▶ **TRY IT**
Without any pictures, print the lines below from the one that has "Memory Foam Foldable" through the one that has "Ram from Re:Zero", exactly and nothing else.

▶ **RECORDS SUPPLIED**
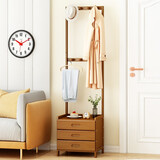 丝竹阁落地实木床头柜储物收纳置物柜现代家用简易多层小型迷你床边柜子 茶色-大三抽42长衣帽架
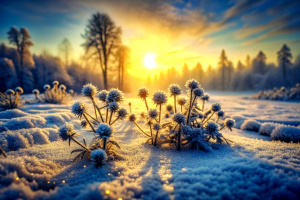 Winter season outdoors landscape, frozen plants in nature on the ground covered with ice and snow, under the morning sun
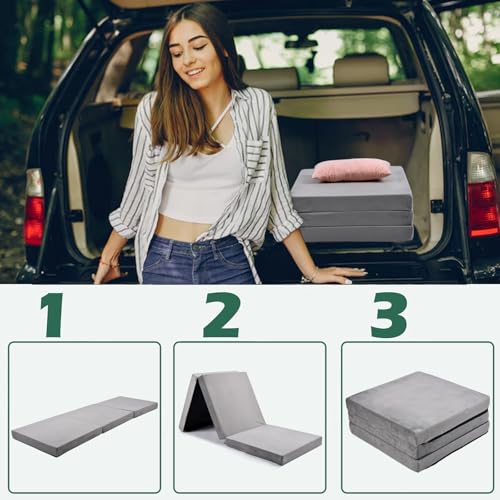 Memory Foam Foldable Mattress, Trifold Floor Bed Mattress with Dust Cover, Portable Waterproof Camping Pad Mat, for Outdoor Sleeping, Foldable, for Travel Truck Bed Tent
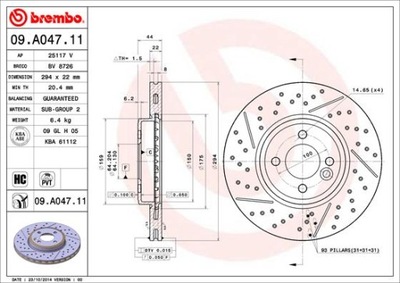 DISCS BRAKE FRONT BREMBO 09.A047.11 09A04711  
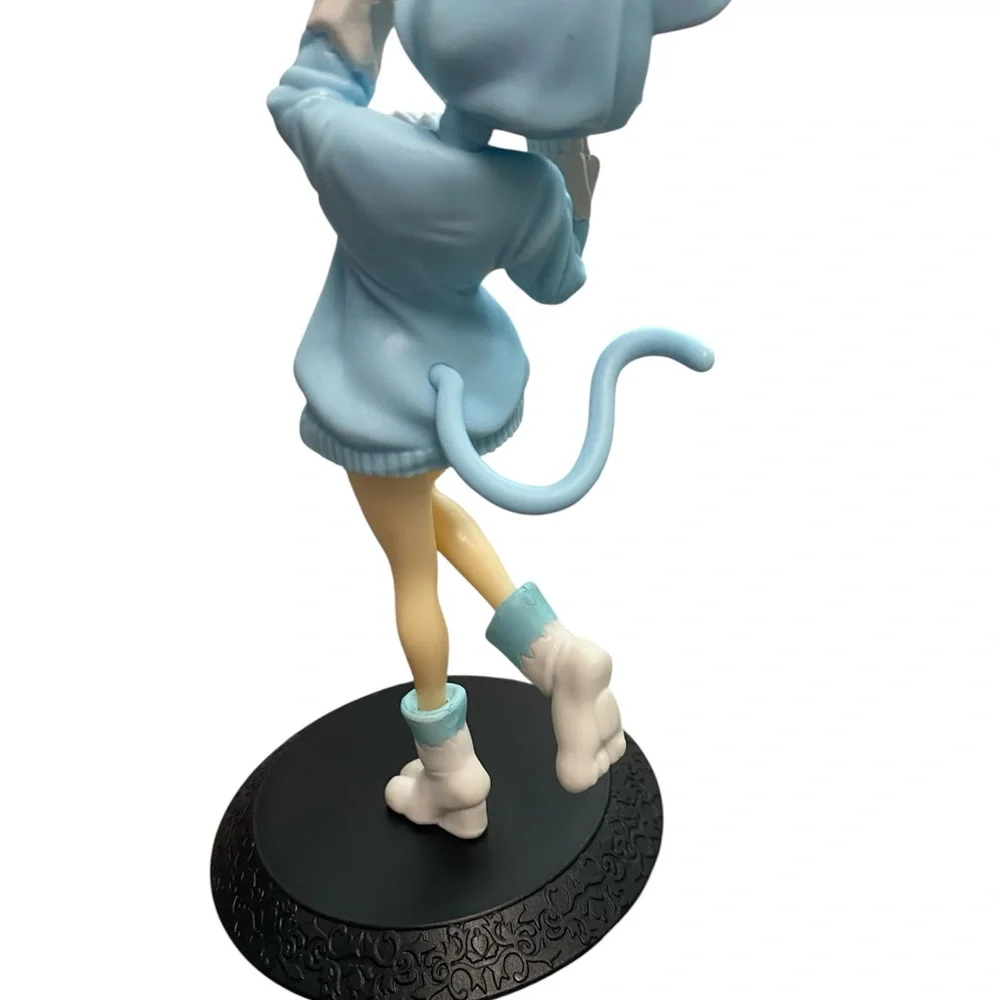 Ram from Re:Zero starting life in another world Cat girl in a blue pajama statue
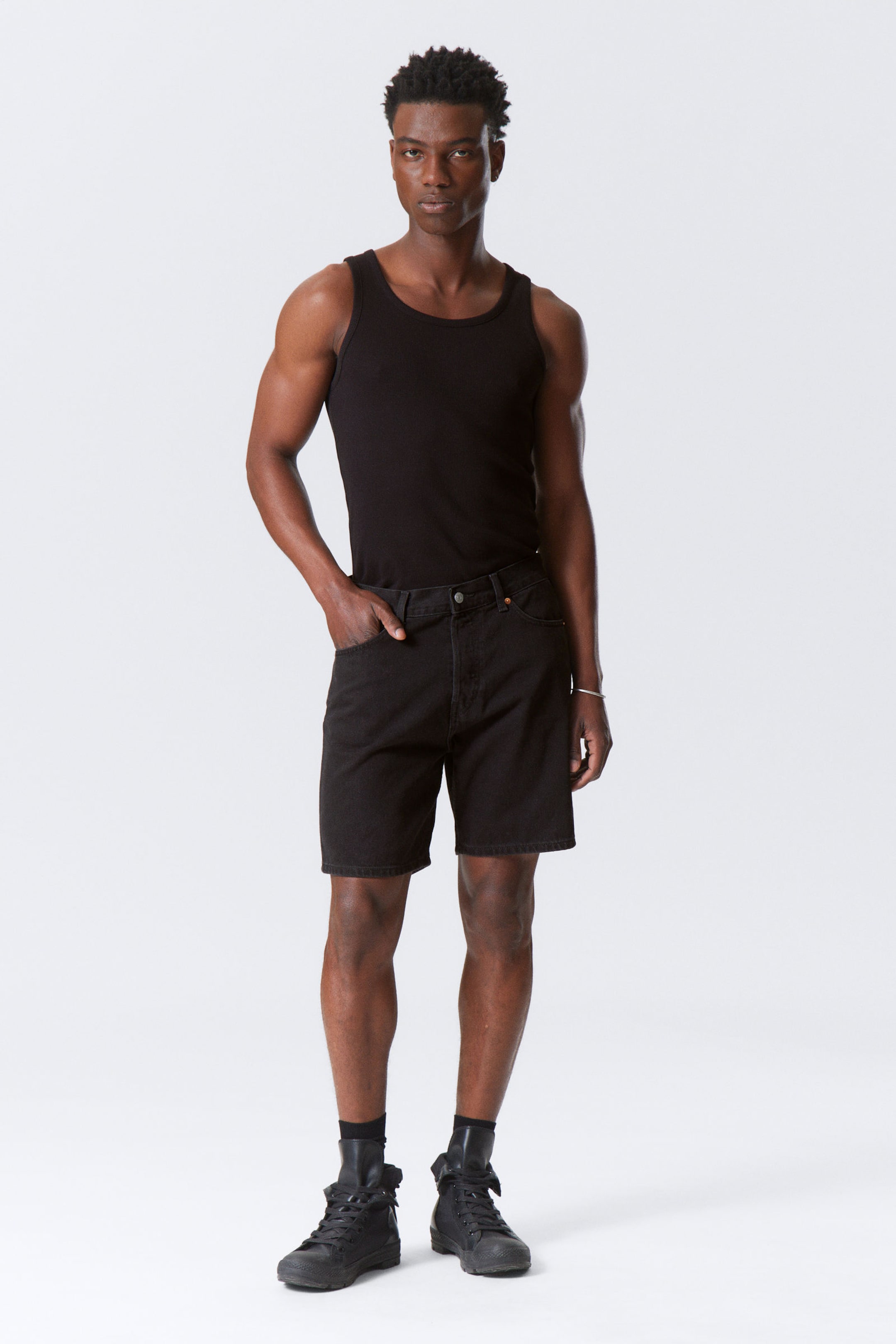 #272628 - Space ruimvallende denim short - 1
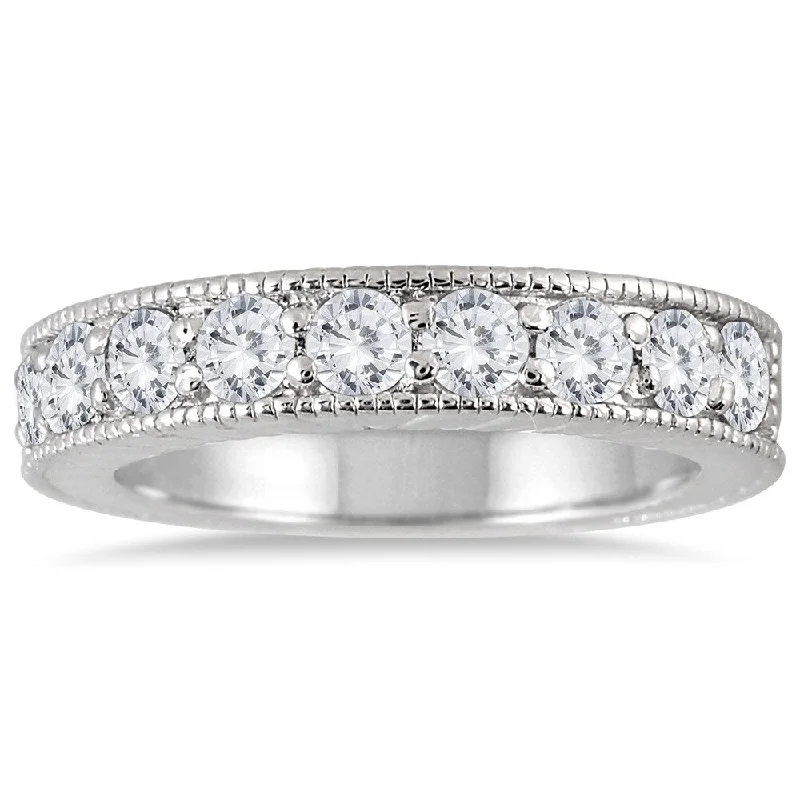 Art Deco - Inspired Women's Diamond Rings with Geometric Designs and Baguette - Cut DiamondsMarquee Jewels 10K White Gold 1ct TDW Engraved Antique Styled Channel Band (J-K, I2-I3)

▶ **EXERCISE ANSWER**
 Memory Foam Foldable Mattress, Trifold Floor Bed Mattress with Dust Cover, Portable Waterproof Camping Pad Mat, for Outdoor Sleeping, Foldable, for Travel Truck Bed Tent
 DISCS BRAKE FRONT BREMBO 09.A047.11 09A04711  
 Ram from Re:Zero starting life in another world Cat girl in a blue pajama statue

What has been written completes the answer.